What is it about the United States that appears to foster innovation and the creation of intellectual property (IP), such that internet giant Google, whose parent company Alphabet was recently revealed to be the most valuable in the world, grew out of a place called Menlo Park, California, and not Reading or Lille?
This is a question many countries and organisations have been grappling with, including the EU Commission. The Expert Group on Intellectual Property Valuation, established by the EU Commission and of which I was a member, considered whether a lack of information about the value of companies’ IP assets was creating a barrier for smaller businesses looking to fund the commercialisation of their IP assets.
Certainly access to finance is a critical factor in enabling innovation and the emergence of technology-savvy venture capital providers has been vital to the success of Silicon Valley.

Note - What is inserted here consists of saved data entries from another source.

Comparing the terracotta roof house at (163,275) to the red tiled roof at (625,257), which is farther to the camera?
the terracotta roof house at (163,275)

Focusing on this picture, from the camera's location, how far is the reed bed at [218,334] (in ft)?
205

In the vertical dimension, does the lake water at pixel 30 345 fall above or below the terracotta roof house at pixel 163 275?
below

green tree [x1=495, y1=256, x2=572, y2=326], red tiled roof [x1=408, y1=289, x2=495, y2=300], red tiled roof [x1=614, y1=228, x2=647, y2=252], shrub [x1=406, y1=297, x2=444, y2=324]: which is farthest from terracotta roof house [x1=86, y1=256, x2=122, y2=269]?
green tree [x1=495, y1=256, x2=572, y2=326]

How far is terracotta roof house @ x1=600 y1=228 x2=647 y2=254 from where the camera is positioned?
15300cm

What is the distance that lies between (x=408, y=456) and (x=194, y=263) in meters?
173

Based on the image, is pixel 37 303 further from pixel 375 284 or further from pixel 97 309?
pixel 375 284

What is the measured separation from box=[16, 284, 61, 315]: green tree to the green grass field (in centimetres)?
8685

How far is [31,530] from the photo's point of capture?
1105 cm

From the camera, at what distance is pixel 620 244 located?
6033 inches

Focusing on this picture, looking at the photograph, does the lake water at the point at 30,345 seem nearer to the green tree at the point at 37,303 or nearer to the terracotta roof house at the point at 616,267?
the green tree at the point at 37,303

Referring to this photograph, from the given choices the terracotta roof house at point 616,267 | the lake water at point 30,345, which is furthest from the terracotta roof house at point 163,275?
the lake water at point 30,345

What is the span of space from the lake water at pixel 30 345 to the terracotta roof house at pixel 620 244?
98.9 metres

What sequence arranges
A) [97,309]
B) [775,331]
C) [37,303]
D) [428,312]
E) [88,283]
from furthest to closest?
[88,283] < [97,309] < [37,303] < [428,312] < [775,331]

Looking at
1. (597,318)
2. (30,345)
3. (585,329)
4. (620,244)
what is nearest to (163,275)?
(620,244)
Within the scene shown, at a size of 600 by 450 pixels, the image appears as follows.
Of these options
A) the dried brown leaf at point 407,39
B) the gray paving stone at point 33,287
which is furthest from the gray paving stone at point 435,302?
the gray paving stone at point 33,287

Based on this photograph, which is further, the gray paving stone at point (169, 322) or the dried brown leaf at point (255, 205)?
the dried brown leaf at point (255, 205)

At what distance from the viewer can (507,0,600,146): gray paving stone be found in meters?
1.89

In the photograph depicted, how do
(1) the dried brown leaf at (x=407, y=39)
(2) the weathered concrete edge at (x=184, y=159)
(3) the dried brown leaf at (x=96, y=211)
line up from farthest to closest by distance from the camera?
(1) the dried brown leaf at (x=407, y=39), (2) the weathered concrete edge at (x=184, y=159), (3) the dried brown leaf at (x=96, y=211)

However, despite the fact IP owners have long called for the value of IP assets to be routinely included in financial statements, the EU expert group concluded this was not the appropriate way forward.
Countries that have a strong level of IP protection actually tend to be more innovative
We considered that valuation techniques are now well understood, but given the potential subjectivity it was better to leave valuation to individual investors; the value of IP assets is very much in the eye of the beholder and therefore not well suited for inclusion in a company’s accounts unless a market price has been established in a transaction.
Clearly, one significant step that has been taken by the EU to encourage IP development is the introduction of the European patent system. This is likely to ease significantly the burden for businesses wishing to protect their IP assets.
However, there is always an economic tension between IP protection and competition law. Stronger protection creates incentives for IP development, but at the same time stifles the ability to build on existing IP assets. In reality, though, research I performed on behalf of creative industries responding to the UK’s Hargreaves Review of Intellectual Property and Growth suggested, on balance, rather than discouraging innovation as some had suggested in a “Google could never happen here way”, countries that have a strong level of IP protection actually tend to be more innovative.
As the debate over Brexit hots up, an important consideration is how the decision would affect the landscape for continued innovation in the UK. Can we continue to build on the success of the Silicon Roundabout or is it a dead-end street? Certainly there would be some definite downsides in the short term, such as losing the advantages of the new European patent system, but there might also be opportunities for the UK.
EU rules are intended to prevent member states from competing with each other for inward investment. Outside Europe, Britain could do more to encourage such investment, using fiscal and other incentives. EU regulation may also create barriers to innovation in some industries; this is certainly the view of Sir James Dyson, one of the UK’s leading innovators.
He told the BBC Radio 4 Today programme in November: “In our particular field we have these large German companies who dominate standard setting and energy reduction committees, and so we get old technology supported and not new technology.” Sir James added: “I want to keep European free trade and free movement of peoples, but I don’t see that we need to be dominated and bullied by the Germans.”
But innovation is ultimately a numbers game; it relies on lots of bright, creative people trying new things. Many will fail, some will not. Silicon Valley has, alongside the Googles and Apples of the world, new startups emerging all the time because a culture has evolved that understands and values IP, and is prepared to invest in it. Heavy regulation doesn’t help create this – it is far more likely to kill it.
So, whether the UK chooses to stay in the EU or leave, one thing the government and regulators can do is to create an environment in which many energetic, talented people are constantly innovating; empowered to succeed, but allowed sometimes to fail – and perhaps creating the next Google.